Section 2. Amendment. Notwithstanding any provision of the Credit Agreement
to the contrary, Agent or an Affiliate of Agent may act as the L/C Issuer with
respect to Eligible Trade L/Cs, and (i) so long as those trade letters of credit
meet the criteria for Eligible Trade L/Cs, such trade letters of credit shall
constitute Eligible Trade L/Cs and the obligations
thereunder shall constitute Eligible Trade L/C Obligations for all purposes
under the Credit Agreement, (ii) inspection certificates with respect to
Eligible In-Transit Inventory may be held by the L/C Issuer or an agent of L/C
Issuer, and (iii) all fees or charges received by Agent or any Affiliate of
Agent in its capacity as L/C Issuer shall be for the separate account of Agent
or such Affiliate.
Section 3. Conditions. The consent to the Purchase is subject to
satisfaction of the following conditions in a manner reasonably satisfactory to
Agent:
(a) The assets to be purchased from Accessories and Wallet (the
"Purchased Assets") shall consist of either (i) all or substantially all of
their Inventory and Intellectual Property (the "Limited Purchase") or (ii)
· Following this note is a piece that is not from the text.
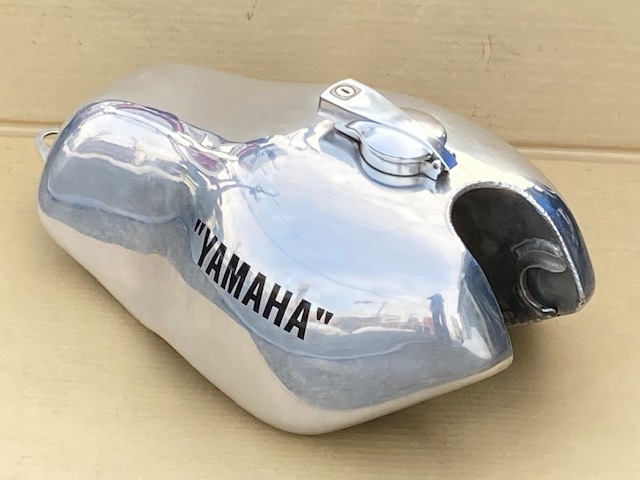 Yahoo!オークション - SR400用 KITACO アルミタンク ビッグ Yahoo!オークション - SR400用 KITACO アルミタンク ビッグ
all or substantially all of their Accounts, Inventory, General Intangibles,
Intellectual Property and Equipment, as well as certain lease rights and
obligations, and Accessories' owned distribution center in West Bend,
Wisconsin (the "AR Distribution Center") (the "Maximum Purchase" and
collectively with the Limited Purchase, the "Purchase").
(b) The purchase price will not in any case exceed $16,000,000 payable
in cash.
(c) The Purchased Assets will be free and clear of all Liens, as
evidenced by an order of the Bankruptcy Court delivered to Agent and
reasonably satisfactory to Agent.
(d) All of the Purchased Assets consisting of Intellectual Property
will be retained by First Intermediate Parent; all of the Purchased Assets
consisting of Inventory will be sold to, or contributed to the capital of,
Borrower. In the event that the Maximum Purchase is consummated, the
Purchased Assets consisting of leaseholds, Accounts, General Intangibles,
Equipment and the AR Distribution Center will be sold or contributed to the
capital of each Store Guarantor (or other Credit Party) doing business in
the jurisdiction in which any such assets are physically located or deemed
to be located (collectively, the "Intercompany Transfers").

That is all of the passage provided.